On Tuesday (17/02/09), Russia and China signed  an intergovernmental agreement on the construction of a branch of the East Siberia-Pacific Ocean (ESPO) oil pipeline toward China. Under this agreement, Russia will supply 15 million metric tons (300,000 barrels per day) of crude oil annually for 20 years to China, in return China via state owned China National Petroleum Company (CNPC) will extend a total of $25 billion in loans to Russian state-controlled crude producer Rosneft and pipeline operator Transneft at 6% per annum in exchange for the long-term oil supply. Transneft plans to start building a Chinese leg of the East Siberia-Pacific Ocean later this year and to commission it in 2010, Russia’s monopoly pipeline operator said in a statement on Tuesday.

“The construction of the leg should be synchronized with the construction of the first line of the ESPO pipeline,” the statement quoted the company’s vice president, Mikhail Barkov, as saying. Barkov also said that China’s $10 billion loan to Transeft would primarily be invested in the construction of the Chinese leg. “In addition, there are projects that will contribute to the functioning of the entire eastern pipeline and this leg in particular,” the Transneft official said.

The pipeline’s first leg was launched in October 2008 in the reverse direction, running westwards. The construction of the pipeline, designed to bring Russian oil to the lucrative Asia-Pacific market, is due to be completed later this year, which will enable ESPO to pump its first oil eastwards. The terms of the agreement stipulate that China will extend a $15 billion loan to Russian state-run oil giant Rosneft against the guarantee of oil supplies, while Transneft’s $10 billion would be granted with the infrastructure as collateral. Currently Rosneft, which is expected to be the main oil exporter via the pipeline, supplys around 10 million tonnes of oil a year to China by railway under the terms of a deal signed in 2004.

The ESPO was originally conceived in the mid-90’s by now disgraced Yukos Chairman, Mikhail Khodorkovsky, as a private pipeline. Following the “collapse” of Yukos, state owned Transneft picked up the baton & began construction of the first leg in 2006, which completed last year. The pipeline is supplied via spurs from the Tomsk Oblast & Khanty-Mansi Autonomous Okrug oil fields in Western Siberia, Transneft’s existing Omsk-Irkutsk pipeline has also been connected, allowing Rosneft to pump up to 22 million tons of oil annually into the pipeline, whilst smaller competitor Surgutneftegas will contribute around 8 million tons.

Anglo-Russian or Russo-Anglo (depending on which side of the political fence you sit on) TNK-BP is also involved in this project, having began supplying oil to the pipeline in October 2008. TNK-BP in a joint venture with Rosneft has extensive operations in the Verkhnechonskoye field, which has proven reserves of 409 million barrels of oil equivalent.

“The first shipment of VC crude into the ESPO marks an important event for TNK-BP and for the industry.” commented Chief Operating Officer Tim Summers at the launch. ” We are establishing a major new production center in East Siberia.

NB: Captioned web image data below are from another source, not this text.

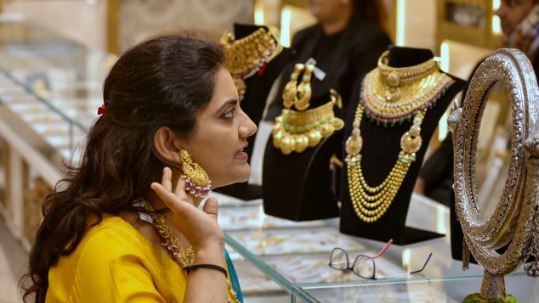 चांदीचा भावदेखील  0.42 टक्क्यांनी वाढून 1,48,906 प्रति किलोवर जाऊन पोहोचला. सध्या लग्नसराई चालू झाली आहे त्यामुळे सोने आणि चांदीचा भाव असाच वाढत राहणार का? असे विचारले जात आहे. 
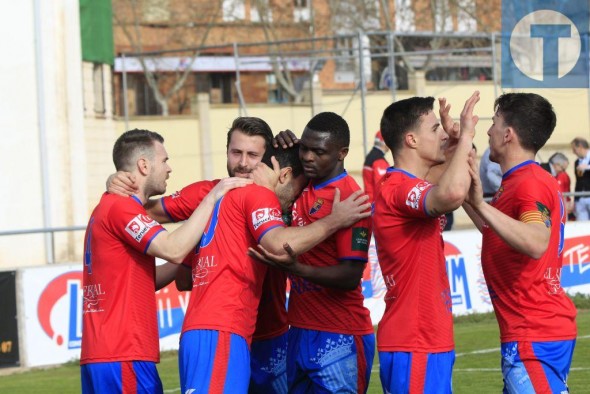 El CD Teruel se reencuentra con la victoria goleando al Tamarite en Pinilla (5-0)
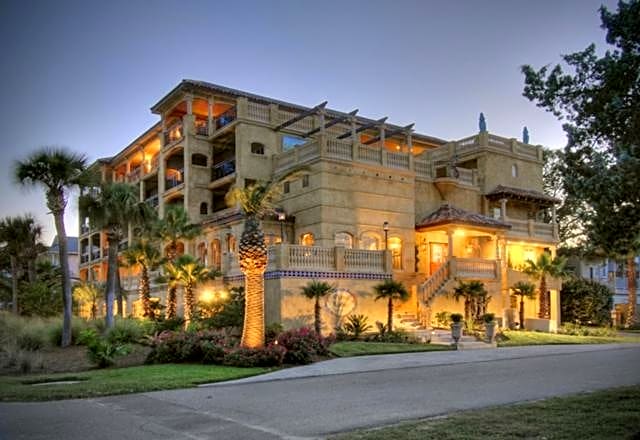Ocean Lodge Resort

Application of world—class technology and the timely launch of the ESPO pipeline allowed us to begin commercial development of this project, which has been deemed uneconomic for the past 30 years. The beginning of regular commercial shipments from VC to the ESPO marks the emergence of East Siberia as a new and important oil and gas province in Russia”.

So win-win all round? Certainly for the Chinese in the long term, as we have argued in previous articles, China is on a spending spree on commodities, particularly in the energy sector where it seems almost desperate to secure strategic reserves. Russia also gains, in that with the recent devaluation of the rouble, access to funding in capital markets has been harder to come by, especially for Russia’s energy firms. Do we in the West gain from this ? That remains to be seen, from a persoanl viewpoint, this may well help to stabilise geo-political issues in the region whilst also contributing to oil price stability in the long run.